Por que o encontro entre Trump e Putin é relevante para a guerra na Ucrânia?
A reunião acontece no momento em que Trump busca cumprir sua promessa de encerrar o conflito russo-ucraniano, após tentativas anteriores fracassarem. Para isso, aposta em negociações diretas com Putin. Moscou exige que a Ucrânia se retire integralmente do Donbass — que abrange as províncias de Donetsk e Luhansk — e reconheça a soberania russa sobre a Crimeia. Kiev, por sua vez, exige a retirada total das tropas russas, a restauração das fronteiras de 1991 e garantias internacionais de segurança. O problema é que as posições são quase irreconciliáveis: enquanto Putin insiste que as áreas ocupadas são “para sempre” parte da Rússia, Zelensky e aliados europeus reforçam que fronteiras internacionais não podem ser alteradas pela força.
Quais territórios estão sob controle russo hoje?
Desde a anexação ilegal da Crimeia, em 2014, a Rússia expandiu sua ocupação para partes das províncias de Donetsk e Luhansk. Com a invasão em larga escala iniciada em fevereiro de 2022, Moscou passou a controlar também áreas das províncias de Kherson e Zaporíjia, no sul, incluindo a usina nuclear de Zaporíjia — a maior da Europa. No total, quase um quinto do território ucraniano está sob ocupação russa, com uma linha de frente que se estende por mais de mil quilômetros.
Por que o Donbass é central na disputa?
Região industrial e de mineração de carvão, o Donbass é descrito por analistas como o “cinturão fortificado” que impede avanços russos para o interior da Ucrânia. Cidades como Bakhmut e Avdiivka resistiram por anos, impondo altos custos à ofensiva russa. Perder o Donbass significaria entregar posições defensivas estratégicas, infraestrutura ferroviária vital e terrenos ricos em minerais e carvão — além de criar um corredor terrestre contínuo entre a Rússia e a Crimeia, reforçando a logística militar de Moscou.

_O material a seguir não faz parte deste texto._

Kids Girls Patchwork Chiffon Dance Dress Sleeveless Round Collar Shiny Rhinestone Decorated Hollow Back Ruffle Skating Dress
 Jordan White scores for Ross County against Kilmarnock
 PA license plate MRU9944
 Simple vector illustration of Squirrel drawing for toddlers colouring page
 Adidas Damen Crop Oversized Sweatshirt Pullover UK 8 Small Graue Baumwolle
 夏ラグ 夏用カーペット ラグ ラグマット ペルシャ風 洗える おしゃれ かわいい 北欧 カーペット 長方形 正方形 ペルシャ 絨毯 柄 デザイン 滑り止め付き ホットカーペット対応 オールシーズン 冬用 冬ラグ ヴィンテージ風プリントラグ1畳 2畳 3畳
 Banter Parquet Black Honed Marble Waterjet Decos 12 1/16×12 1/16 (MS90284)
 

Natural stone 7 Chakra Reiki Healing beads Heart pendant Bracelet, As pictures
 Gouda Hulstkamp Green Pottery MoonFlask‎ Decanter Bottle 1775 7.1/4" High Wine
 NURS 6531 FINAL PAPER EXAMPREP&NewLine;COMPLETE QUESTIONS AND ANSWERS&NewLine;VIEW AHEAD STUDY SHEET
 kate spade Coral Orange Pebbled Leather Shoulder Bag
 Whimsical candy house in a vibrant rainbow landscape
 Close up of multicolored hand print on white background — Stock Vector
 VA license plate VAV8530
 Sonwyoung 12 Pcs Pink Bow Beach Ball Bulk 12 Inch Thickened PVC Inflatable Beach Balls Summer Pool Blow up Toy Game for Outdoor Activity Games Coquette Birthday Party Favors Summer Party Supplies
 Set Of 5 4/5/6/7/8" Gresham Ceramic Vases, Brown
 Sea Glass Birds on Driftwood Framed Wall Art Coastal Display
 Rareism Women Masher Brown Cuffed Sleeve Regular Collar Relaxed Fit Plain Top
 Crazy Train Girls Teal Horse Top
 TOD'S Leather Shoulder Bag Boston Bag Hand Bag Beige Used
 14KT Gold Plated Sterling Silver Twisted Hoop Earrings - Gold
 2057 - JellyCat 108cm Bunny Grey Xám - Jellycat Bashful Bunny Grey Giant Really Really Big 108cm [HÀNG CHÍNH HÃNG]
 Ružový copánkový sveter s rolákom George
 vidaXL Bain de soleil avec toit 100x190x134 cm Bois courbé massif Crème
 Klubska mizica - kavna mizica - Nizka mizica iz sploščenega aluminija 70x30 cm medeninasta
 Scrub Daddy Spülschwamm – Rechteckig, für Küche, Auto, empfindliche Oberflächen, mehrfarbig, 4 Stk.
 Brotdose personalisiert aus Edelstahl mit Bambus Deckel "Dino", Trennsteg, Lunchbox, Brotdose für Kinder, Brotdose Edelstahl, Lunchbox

Qual é a importância de Kherson e Zaporíjia?
Kherson e Zaporíjia, além de importância militar, são essenciais para a economia ucraniana. A região concentra terras férteis que fazem parte do papel histórico do país como “celeiro da Europa”. Antes da guerra, essas áreas respondiam por cerca de 10% da produção de trigo, cevada, colza e sementes de girassol da Ucrânia, segundo o Departamento de Agricultura dos EUA. Militarmente, o controle de Kherson permite acesso estratégico à foz do rio Dnipro e aproxima as forças russas da cidade portuária de Mykolaiv, porta de entrada para Odessa. Já Zaporíjia é sede da maior usina nuclear da Europa e um ponto logístico crucial no sul.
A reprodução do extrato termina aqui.